ACTION ITEM:
After finding the line with "5 бутонов (Китай)" in the data below, set down exactly each line through the one with "Lion's Mane Mushroom Powder", inclusive, and stop there.

*** Opening RECORDS FOR PROCESSING ***

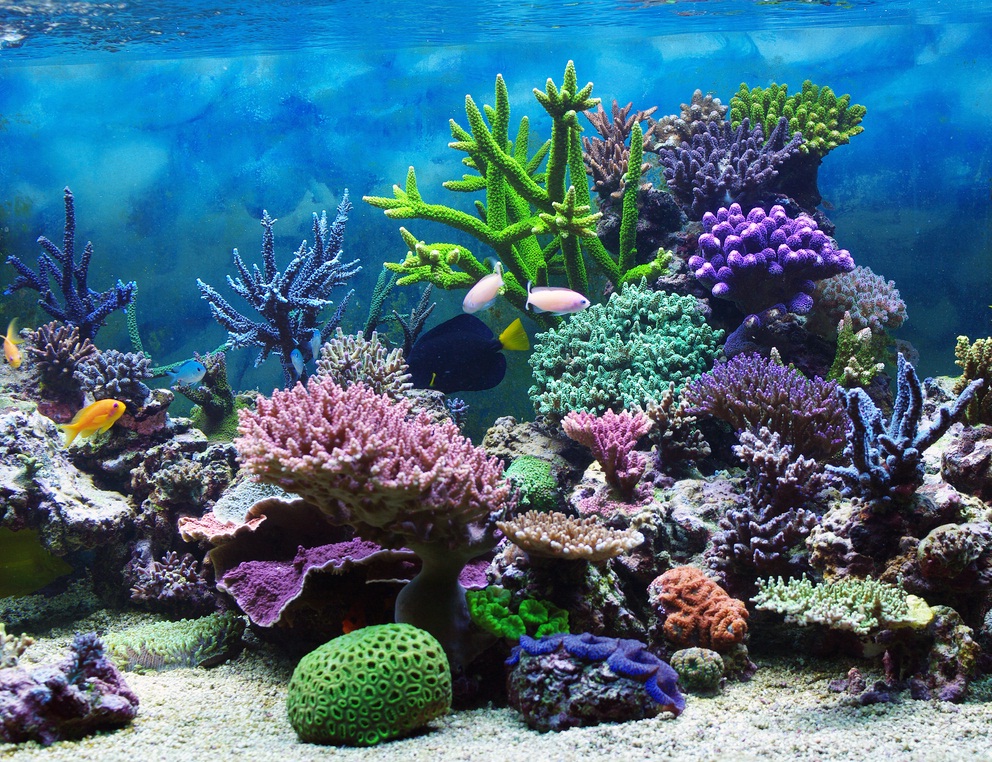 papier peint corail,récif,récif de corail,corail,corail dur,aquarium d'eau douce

*** Closing RECORDS FOR PROCESSING ***
*** Opening RECORDS FOR PROCESSING ***

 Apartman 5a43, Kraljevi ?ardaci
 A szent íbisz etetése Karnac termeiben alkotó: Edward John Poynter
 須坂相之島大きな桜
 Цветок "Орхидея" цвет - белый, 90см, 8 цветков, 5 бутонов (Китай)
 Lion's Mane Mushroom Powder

*** Closing RECORDS FOR PROCESSING ***
*** Opening RECORDS FOR PROCESSING ***

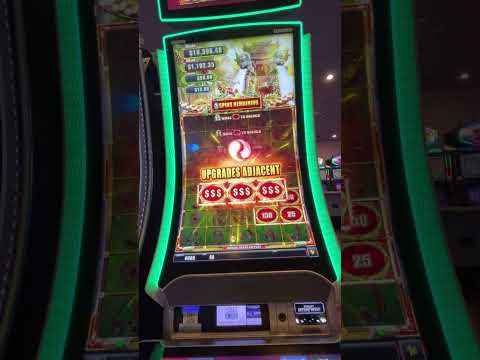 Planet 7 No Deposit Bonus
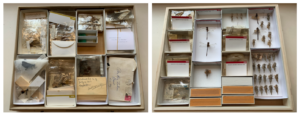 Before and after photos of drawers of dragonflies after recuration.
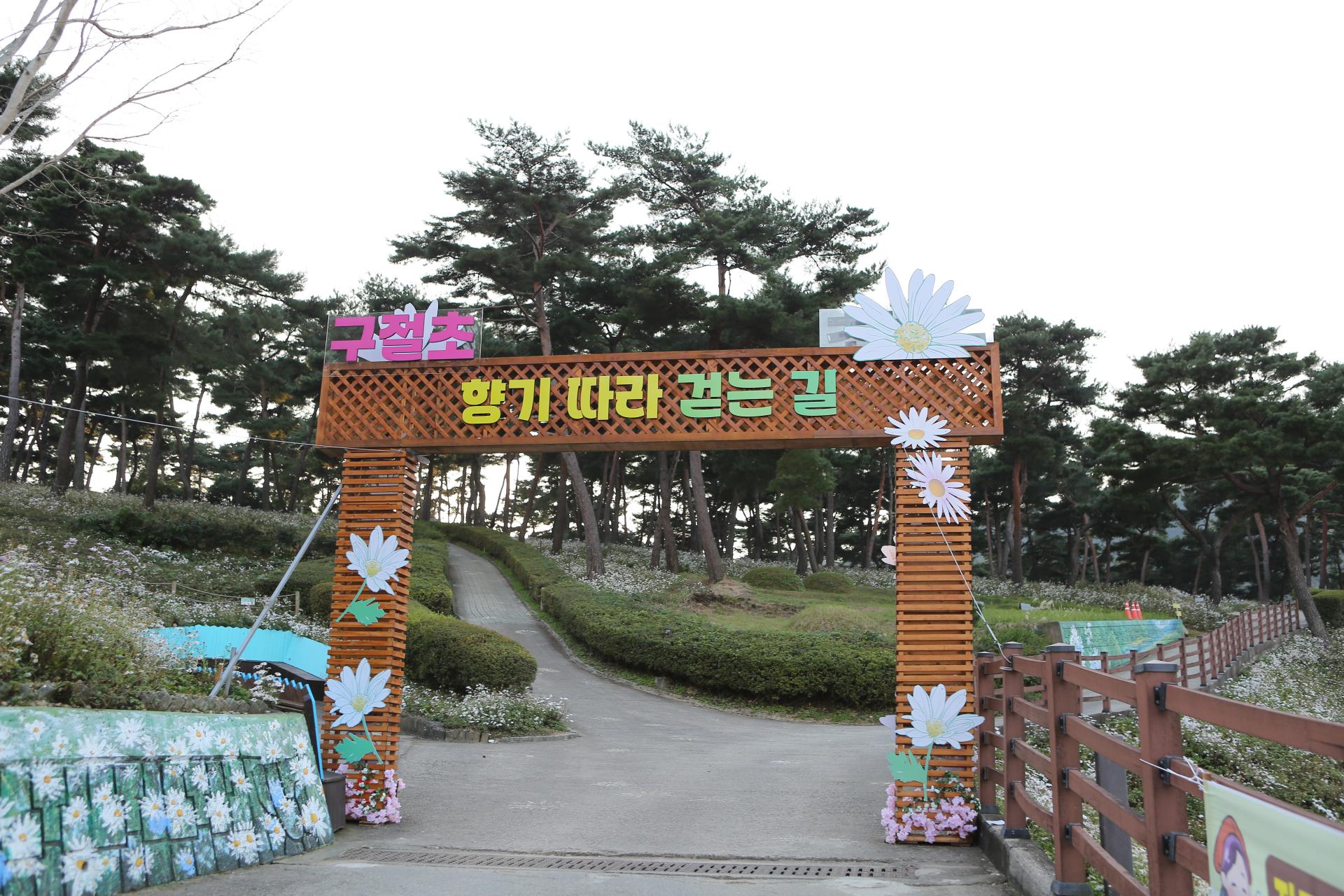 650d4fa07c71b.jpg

*** Closing RECORDS FOR PROCESSING ***

ANSWER BOX:
 Цветок "Орхидея" цвет - белый, 90см, 8 цветков, 5 бутонов (Китай)
 Lion's Mane Mushroom Powder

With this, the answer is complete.